### YOUR OBJECTIVE
An exact copy of every entry is needed, with the images left out.

Start of EXTRACTED MATERIAL

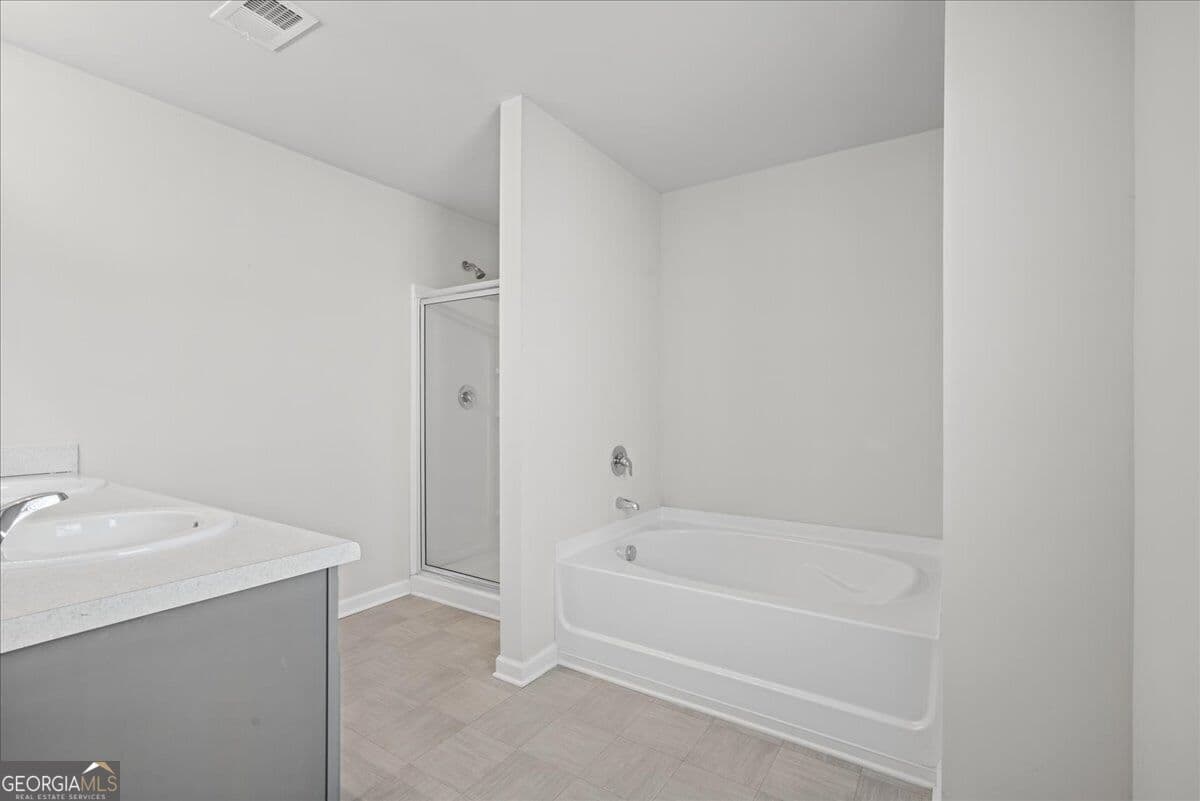 4 bedroom, 2.5 bathroom, 2,274 sq ft single family residence for sale at 613 Sturbridge Court, Mcdonough, GA 30253 — photo 7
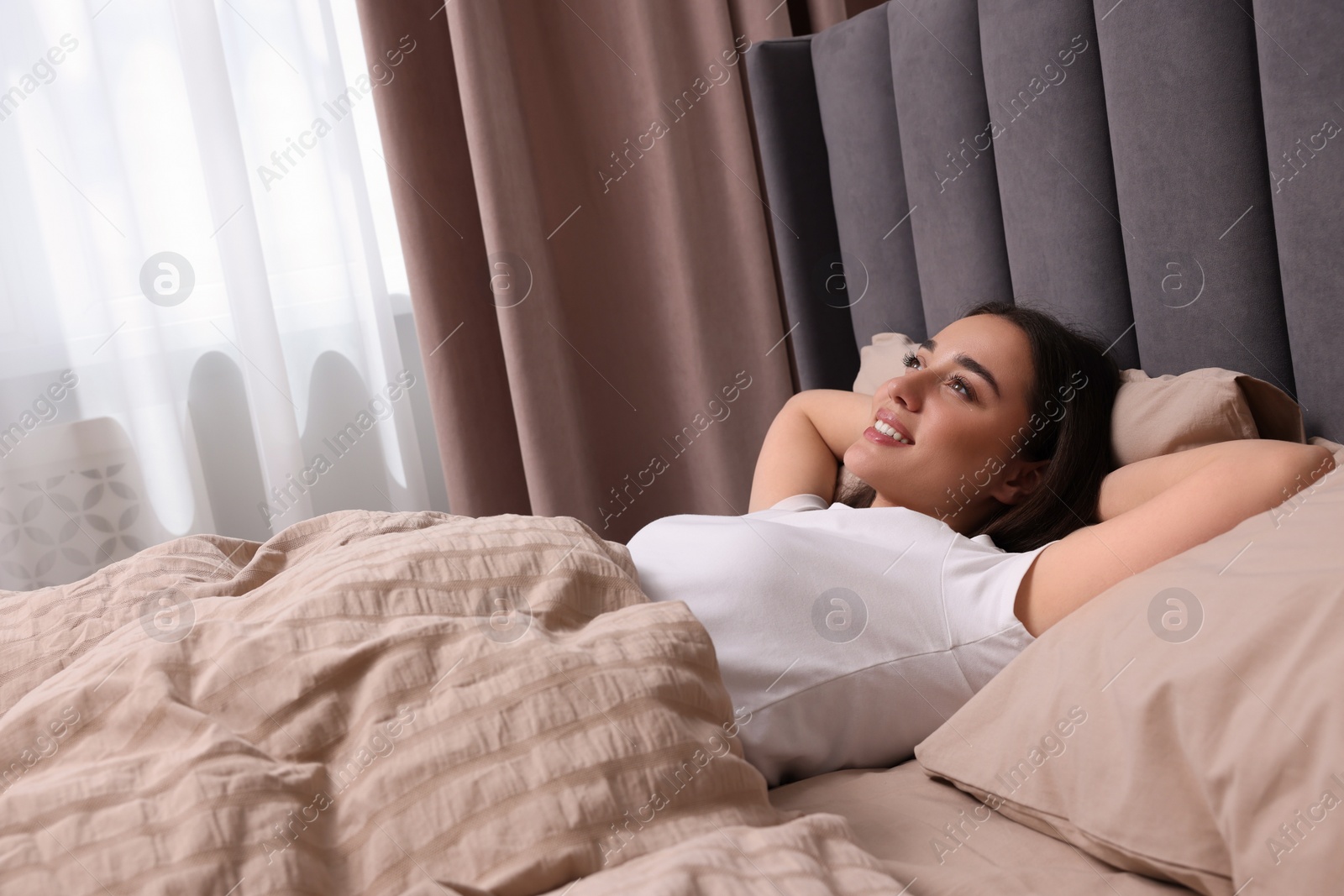 Photo of Happy woman in bed at home. Lazy morning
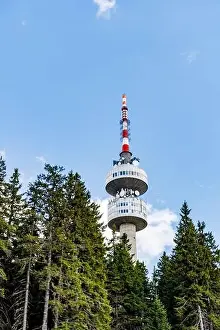Snezhanka Tower Prints: The high tourist observation tower Snezhana on the mountain peak of Snezhana covered with evergreen spruce dense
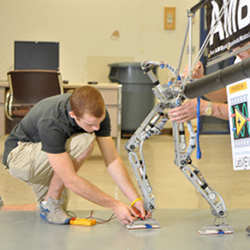 Researchers working on bipedal robotics. 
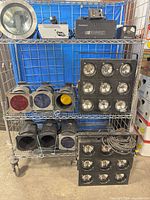 Full shelving view showing fog machines, PAR cans, blinder panels, inground light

End of EXTRACTED MATERIAL

### ANSWER TO THIS EXERCISE
 4 bedroom, 2.5 bathroom, 2,274 sq ft single family residence for sale at 613 Sturbridge Court, Mcdonough, GA 30253 — photo 7
 Photo of Happy woman in bed at home. Lazy morning
Snezhanka Tower Prints: The high tourist observation tower Snezhana on the mountain peak of Snezhana covered with evergreen spruce dense
 Researchers working on bipedal robotics. 
 Full shelving view showing fog machines, PAR cans, blinder panels, inground light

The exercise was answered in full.